Du stehst in einem Raum, der fast wie ein absurdes Theaterstück anmutet. Es ist ein Wohnzimmer, das irgendwie alles gleichzeitig ist: dein Zufluchtsort, dein Schlachtfeld und der Ort, an dem du den berühmten inneren Frieden suchst – und nie findest. Die Wände sind ein verblasstes Beige, das irgendwann mal „modern“ war, und die Couch, auf der du sitzt, fühlt sich an wie ein Relikt aus der Zeit, als man dachte, Kord sei das ultimative Stoffgeheimnis. Vor dir steht ein halbvoller Kaffee, der schon wieder kalt geworden ist – passend zu deiner Stimmung.

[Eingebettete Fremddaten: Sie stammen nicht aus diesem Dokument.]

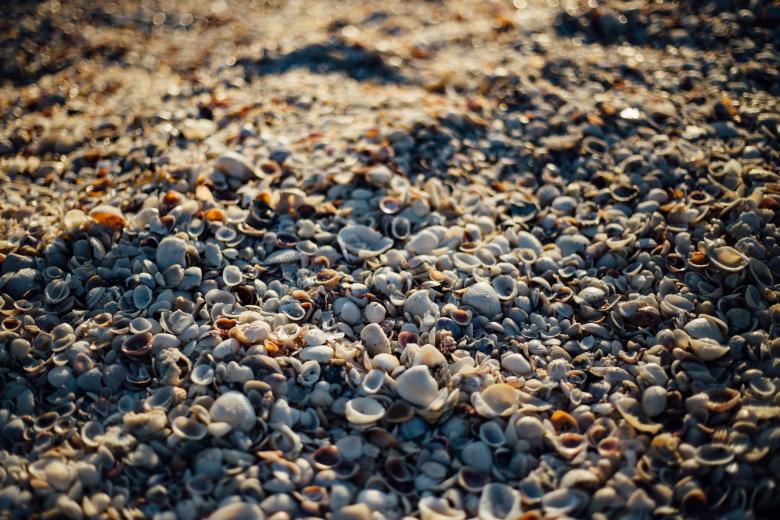 Free stock image of Seashell created by Pixabay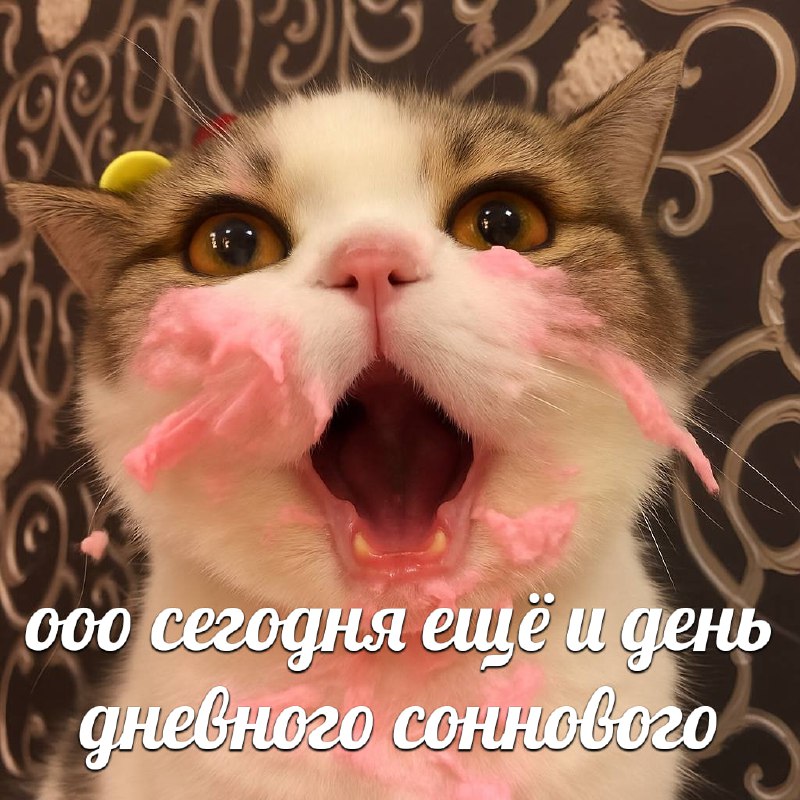 Сегодня отмечается Мeждунapoдный дeнь тopтa и Дeнь днeвнoгo cнa
Идеальное комбо для выходных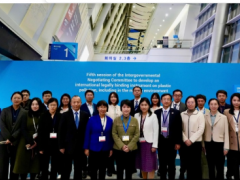 關于召開2025輕烴與芳烴產業發展大會的通知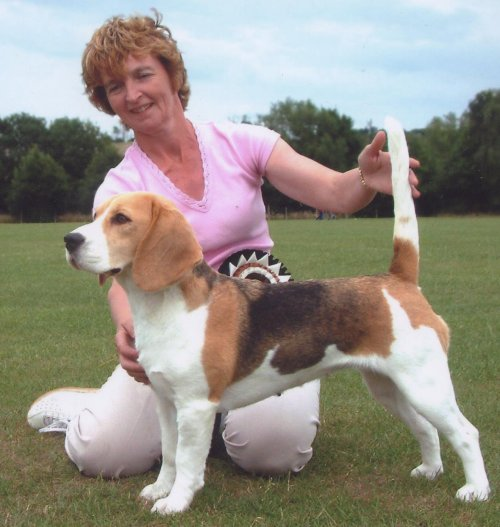 Fallowfield Beagles | Beagle Breeders 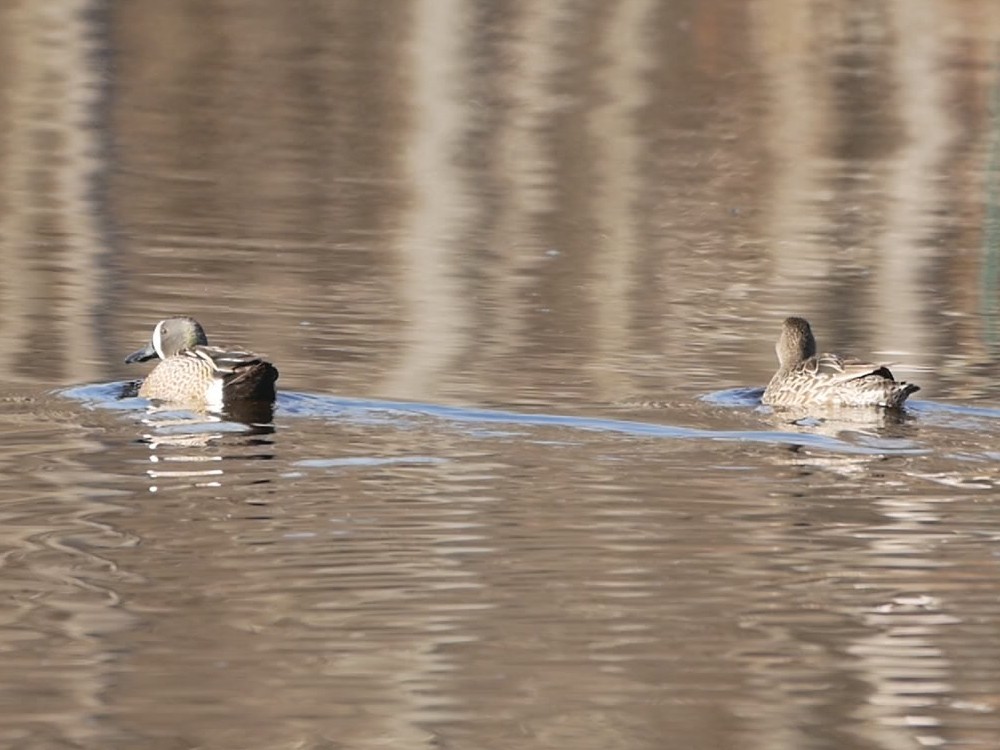 Blue-winged Teal - ML95751931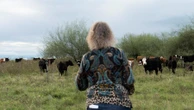 700 mil 'vacas fantasmas' e fortuna sumida: o escândalo do gado no Uruguai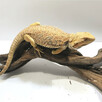 Agama brodata Orange - 1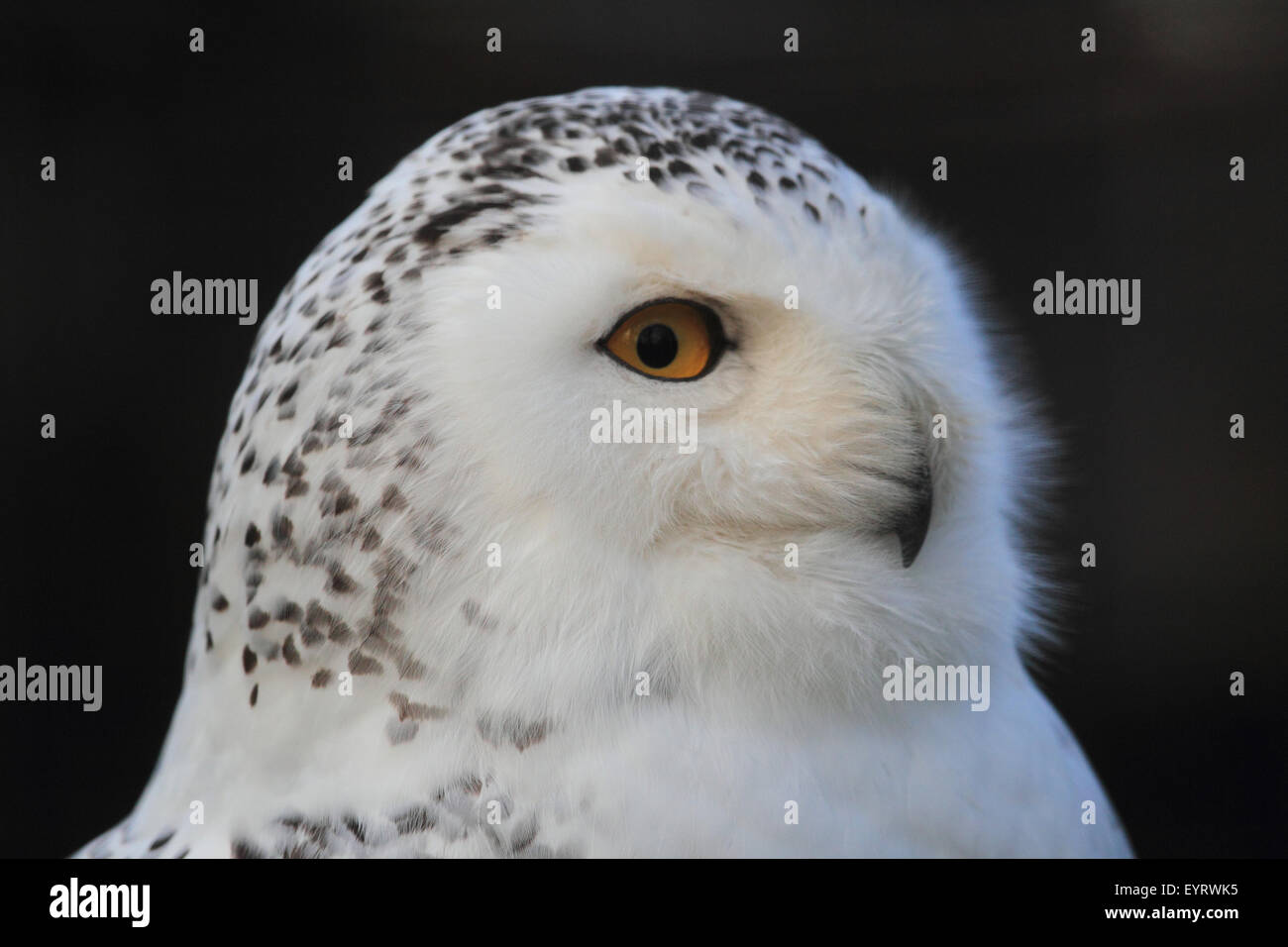 Snowy owl, Bubo scandiacus Stock Photo - Alamy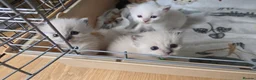 Ragdoll cats for sale: GCCF RAGDOLL KITTENS - Advert 5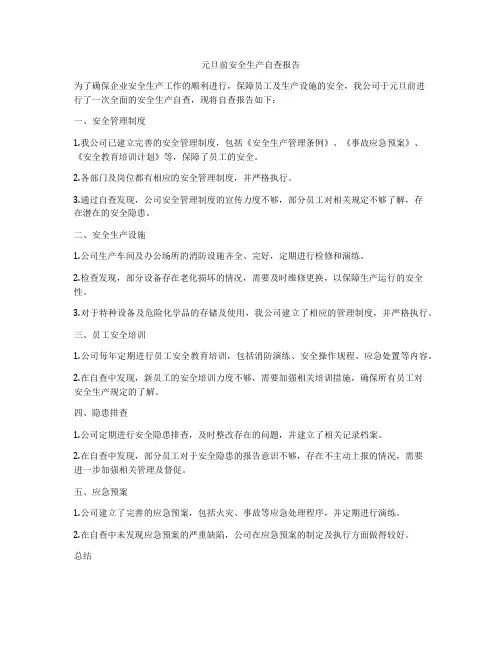 元旦前安全生产自查报告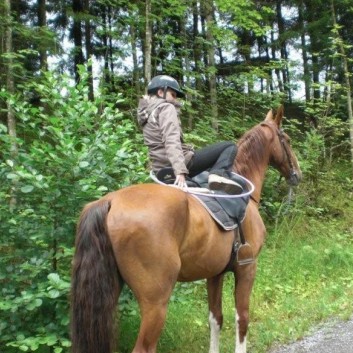 Stop 1 - Hinterbuechelberger Gelaenderallye 2012 - 06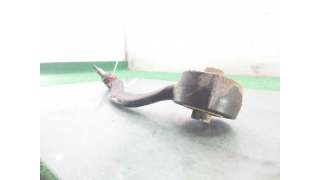 BRAZO SUSPENSION INFERIOR DELANTERO DERECHO LAND ROVER RANGE ROVER SPORT (2013-) 3.0 D 4X4 258CV 2993CC - L.8007897 / JPLA3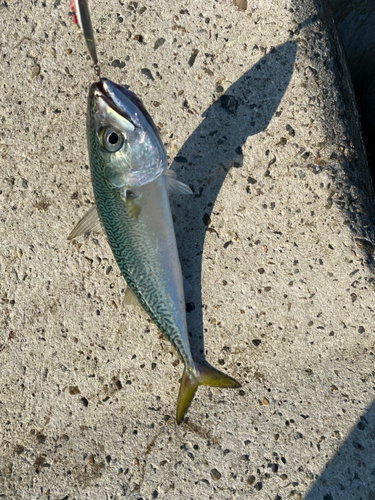 サバの釣果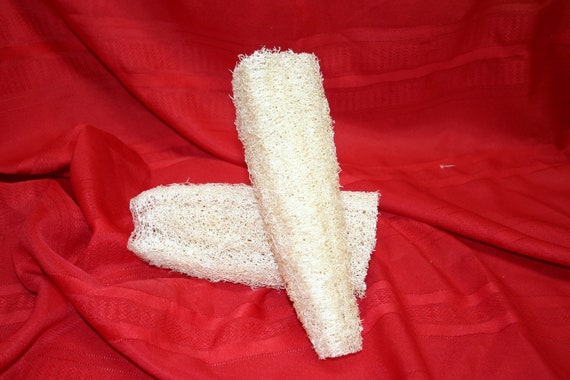 LOOFAH sponges 8" pieces all natural and grown on the farm group of 5 ( Dried & Cleaned)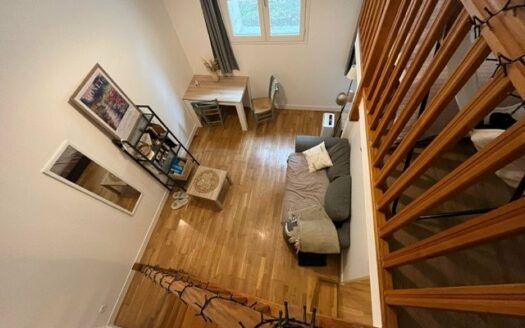 Duplex dans immeuble de charme en hyper centre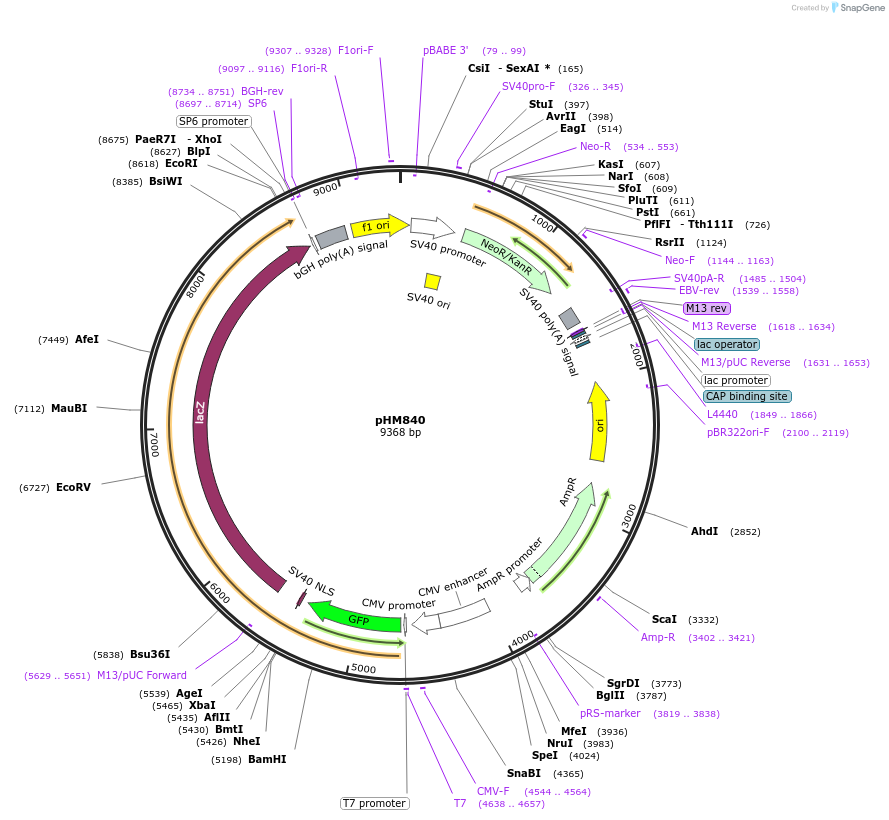 20701-plasmid-map-sequence-id-352909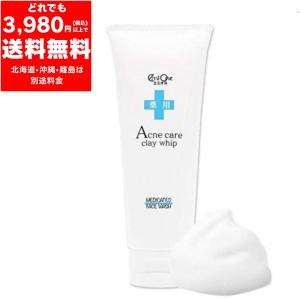 SIMFORT ツルスキン ウォッシュ 【定価 1,980円】泡洗顔料 135ml SIMFORT ツルスキン ウォッシュ 【定価 1,980円】泡洗顔料 135ml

Du fragst dich, warum diese verdammte Diskussion schon wieder so aus dem Ruder läuft. Dein Gegenüber – lass uns ihn „Tim der Themenwandler“ nennen – sitzt dir gegenüber, ein breit grinsendes Mysterium. Tim trägt eine abgewetzte Lederjacke, die so aussieht, als hätte sie in einem anderen Leben einen Harley-Fahrer gekannt. Seine Augen sind wachsam, aber auch irgendwie ausweichend. Du merkst, wie er dir gerade wieder einen verbalen Curveball zugeworfen hat, und fragst dich, ob du ihm auf die Schliche kommst.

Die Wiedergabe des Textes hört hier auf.